He recorded the statement of witnesses and arrested accused No.1, Pundappa, seized the blood stained shirt under the mahazar and recorded his voluntary statement as per Ex.P-18. He sent accused No.1, Pundappa to Hospital for medical examination and kept him in custody. On 6th July, 1997, he proceeded to General Hospital, Bagalkot, prepared the inquest panchanama on the dead body of Mahantappa as per Ex.P- 24 and recorded the statement of the witness. He seized the blood stained towel and chaddar - M.Os 4 and 5 under the panchanama Ex.P-15. At the instance of the accused No.1, he recovered M.O.10-axe and M.O.11-stick and prepared panchanama Ex.P-7. The dead body was subjected to postmortem examination. On the same day accused No.2 was arrested and produced by the Assistant Sub-Inspector of Police. The chargesheet was filed against both the accused for the offence under Section 302/34 IPC.

4. Learned Sessions Judge secured the presence of the accused, framed charges under Section 302 read with Section 34 IPC. Both the accused pleaded not guilty and claimed to be tried.

5. The prosecution in all examined 17 witnesses, marked 24 Exhibits, produced 11 M.Os. The defence, in their turn, got marked Exs.D-1 to D-6. The statement of the accused was recorded under Section 313 Cr.P.C. and the defence is one of total denial. The accused did not choose to lead any defence evidence.

6. Learned Sessions Judge for the reason recorded in his judgment dated 15th December, 1998, acquitted both the accused for the offence under Section 302 read with 34 IPC. The said judgment of acquittal was questioned by the State before the High Court wherein the High Court passed the impugned judgment setting aside the order of acquittal with respect to accused No.1-appellant, convicting him under Section 302 IPC to undergo life imprisonment.

7. Learned counsel for the appellant submitted that the view taken by the Trial Court being reasonable, there was no occasion for Appellate Court to reverse the order of acquittal by expressing a different view on the same set of evidence. On the other hand, it was submitted on behalf of the respondent that the Trial Court had committed an error and had failed to assess the credibility and trustworthiness of the statements given by the eye-witnesses.

8. In view of the submissions made by the parties, the point that arises for determination is : whether the High Court is justified in interfering with the order of acquittal by reversing the judgment of the Trial Court.

9. It is settled that if two views are reasonably possible from the very same evidence, the Appellate court on re-appreciation of the same evidence cannot impose its own view. The Appellate Court may re-appreciate the evidence when it is satisfied that the Trial Court has committed an error and has failed to consider the credibility and trustworthiness of the account given by the eye-witnesses. The evidence on record has to be read as a whole and it is not proper to reject one or other evidence on the ground of certain contradictions and omissions which do not go to the roots of the case. If the testimony of the eye-witnesses are found trustworthy and remained unchanged, ignorance of such testimony can be held to be perverse.

10. In Hem Raj and another vs.

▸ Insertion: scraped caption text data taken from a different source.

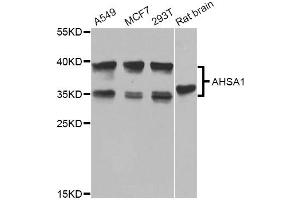 Western blot analysis of extracts of various cell lines, using AHSA1 Antibody. (AHSA1 抗体)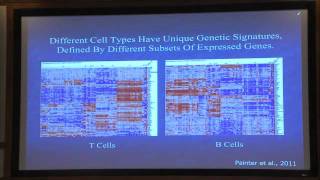 Systems Hylomorphism A PostGenomic Theory of Nature [upl. by Emilia]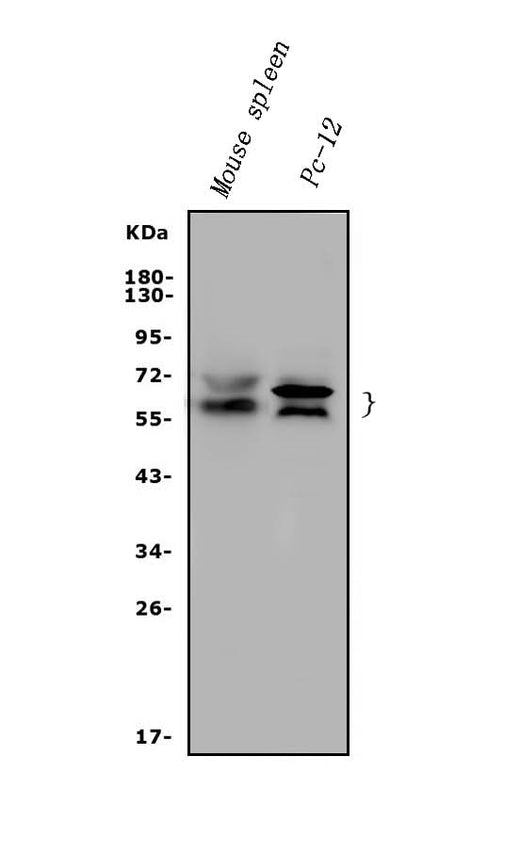 Anti-Rad9/Rad9a Antibody Picoband® Boster Bio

State of Punjab, (2003) 12 SCC 241, this Court held as follows: "36. In this state of the evidence on record, we find that the view taken by the trial court is also a possible reasonable view of the evidence on record. The evidence adduced by the prosecution is rather inconsistent and creates a serious doubt about the truthfulness of the prosecution case. Even if it may be possible to take a different view, we cannot say that the view taken by the trial court is not a reasonable view of the evidence on record. It is well settled that if on the basis of the same evidence two views are reasonably possible and the trial court takes the view in favour of the accused, the appellate court, in an appeal against acquittal, will not be justified in reversing the order of acquittal, unless it comes to the conclusion that the view taken by the trial court was wholly unreasonable or perverse and it was not possible to take the view in favour of the accused on the basis of the evidence on record."

11. In T. Subramanian vs. State of Tamil Nadu, (2006) 1 SCC 401, this Court observed: "17...Where two views are reasonably possible from the very same evidence, prosecution cannot be said to have proved its case beyond reasonable doubt....."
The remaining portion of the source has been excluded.